= Beginning of Section =
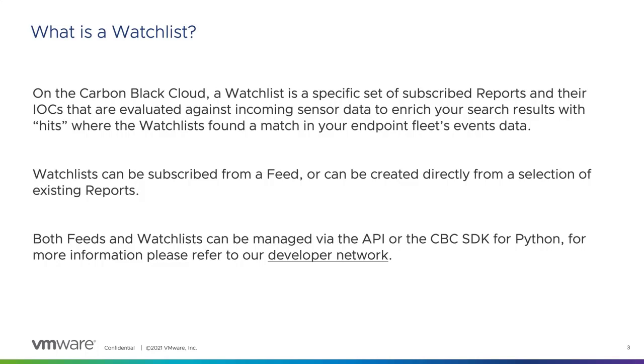Both feeds and watchlists can be managed by the API and the CBC SDK for Python. For documentation on this, please refer to developer.carbonblack.com. Now that we've got an understanding of what a feed is and what a watchlist is, let's discuss how we ingest third-party feeds.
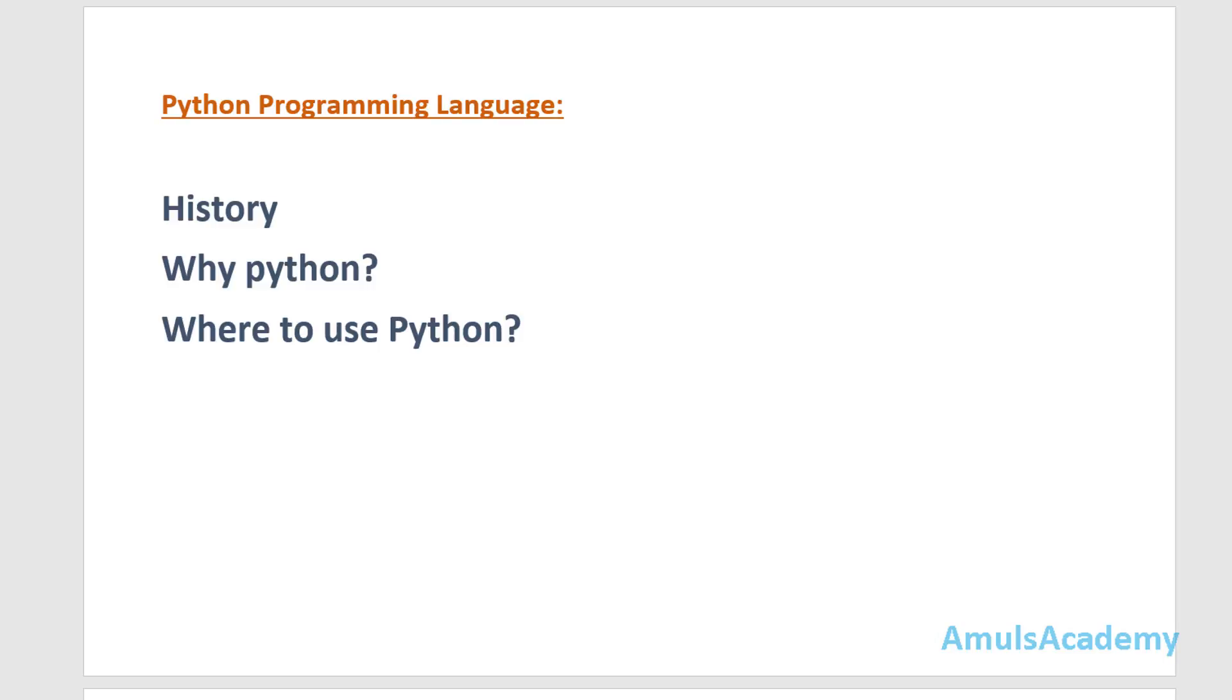Hello guys and welcome to Amul's Academy. In this video series we will learn Python programming language and this is the first tutorial in this series.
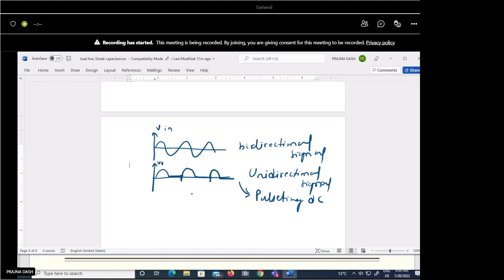To convert this pulsating DC into pure DC, we need to use some filtering technique. We can connect a filter — such as a capacitor filter, an RC filter, an LC filter, or a CLC filter — to filter out the AC content of the signal.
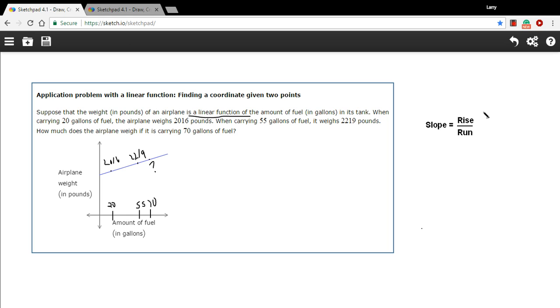And slope, I'm sure you remember, is rise over run. The thing that's rising here is the weight of the airplane. That's what's going up. And the thing that's running or moving to the right on the graph is the amount of fuel. So let's take the data from the first two points and figure out the rise over the run.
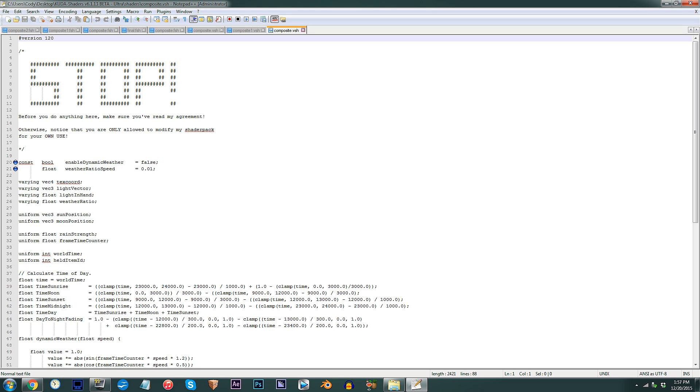From here, find line 20. By default, dynamic weather is left off. To turn it back on, simply replace false with true.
= End of Section =
What you need to do: The lines from the start of the records above through the line that holds "Hello guys and" are to be copied exactly, both ends included, and no pictures are to be copied.

Problem solution:
Both feeds and watchlists can be managed by the API and the CBC SDK for Python. For documentation on this, please refer to developer.carbonblack.com. Now that we've got an understanding of what a feed is and what a watchlist is, let's discuss how we ingest third-party feeds.
Hello guys and welcome to Amul's Academy. In this video series we will learn Python programming language and this is the first tutorial in this series.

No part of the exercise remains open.